TASK TO COMPLETE:
All lines from the one that contains "C437 CE2022 Spring/Summer" through the close of the entries below are to be repeated exactly, without any pictures.

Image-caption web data
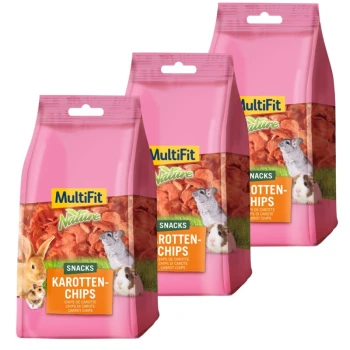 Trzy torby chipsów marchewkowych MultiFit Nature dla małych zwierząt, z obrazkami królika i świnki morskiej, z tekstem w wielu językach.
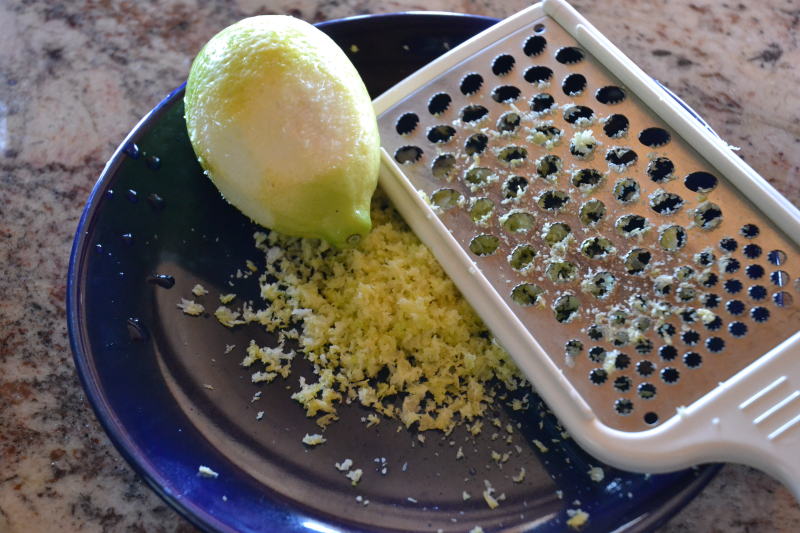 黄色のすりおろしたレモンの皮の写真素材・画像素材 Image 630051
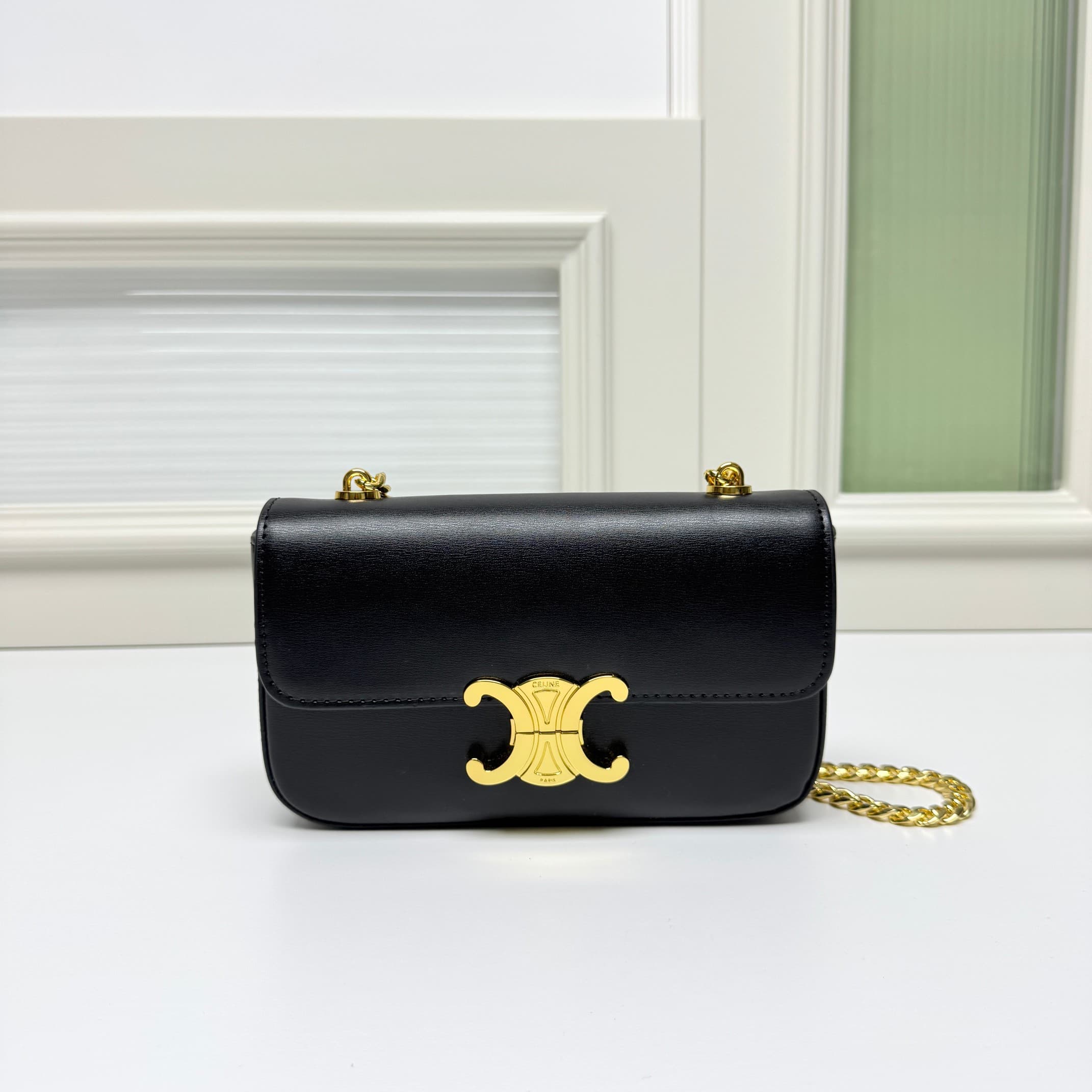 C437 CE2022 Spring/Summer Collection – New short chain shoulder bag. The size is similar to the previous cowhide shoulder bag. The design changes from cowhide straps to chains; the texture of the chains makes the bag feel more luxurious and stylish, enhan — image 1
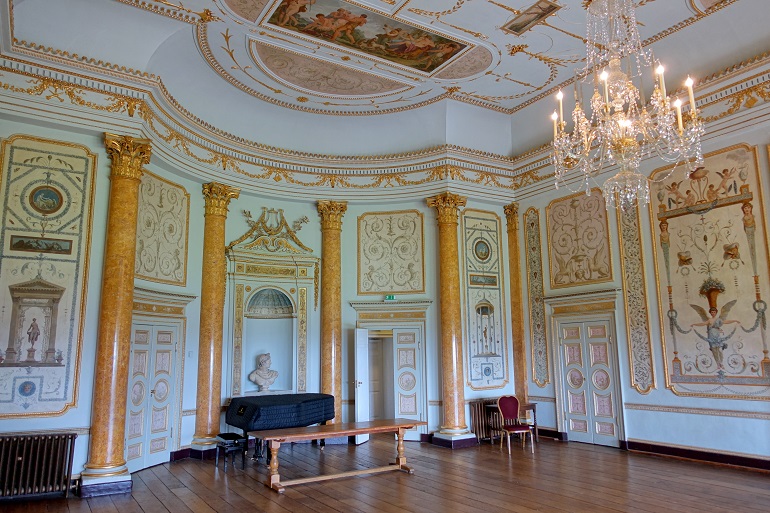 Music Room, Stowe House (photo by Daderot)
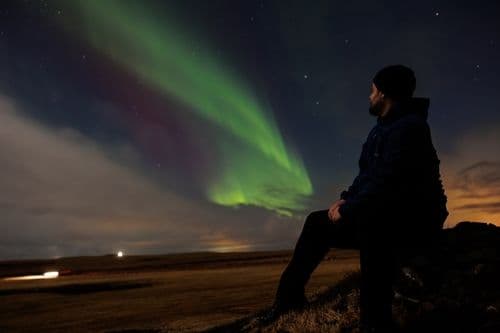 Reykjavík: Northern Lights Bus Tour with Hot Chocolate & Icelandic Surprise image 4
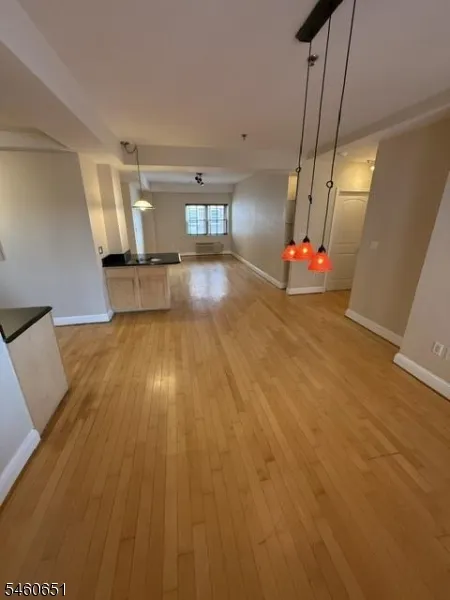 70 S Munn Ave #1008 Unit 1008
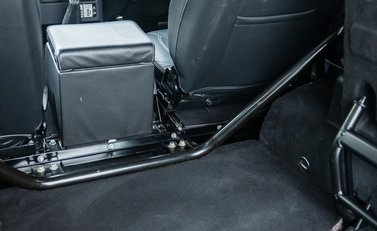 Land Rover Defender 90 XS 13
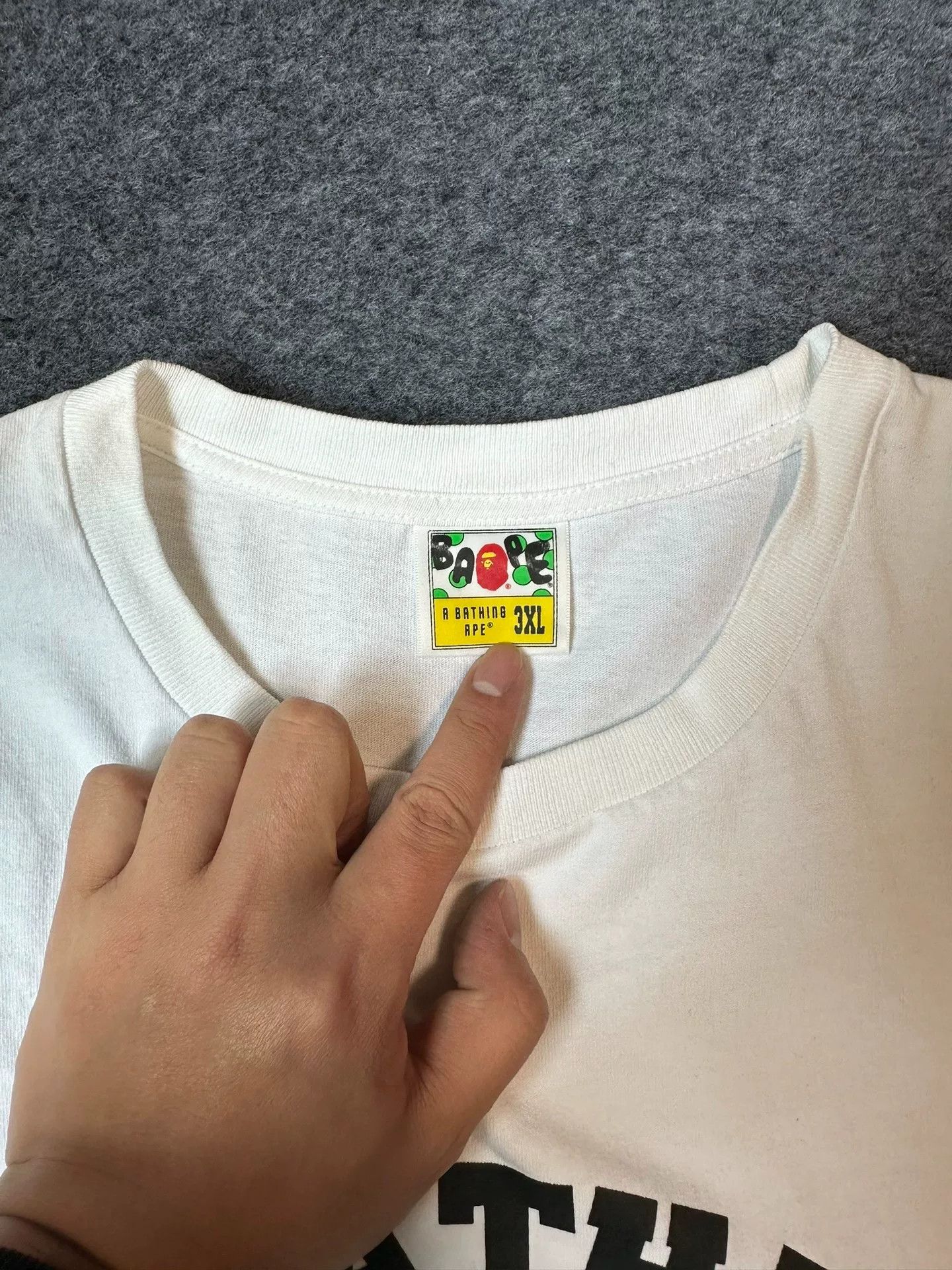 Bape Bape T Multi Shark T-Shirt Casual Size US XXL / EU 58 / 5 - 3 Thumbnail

ANSWER BOX:
 C437 CE2022 Spring/Summer Collection – New short chain shoulder bag. The size is similar to the previous cowhide shoulder bag. The design changes from cowhide straps to chains; the texture of the chains makes the bag feel more luxurious and stylish, enhan — image 1
 Music Room, Stowe House (photo by Daderot)
 Reykjavík: Northern Lights Bus Tour with Hot Chocolate & Icelandic Surprise image 4
 70 S Munn Ave #1008 Unit 1008
 Land Rover Defender 90 XS 13
 Bape Bape T Multi Shark T-Shirt Casual Size US XXL / EU 58 / 5 - 3 Thumbnail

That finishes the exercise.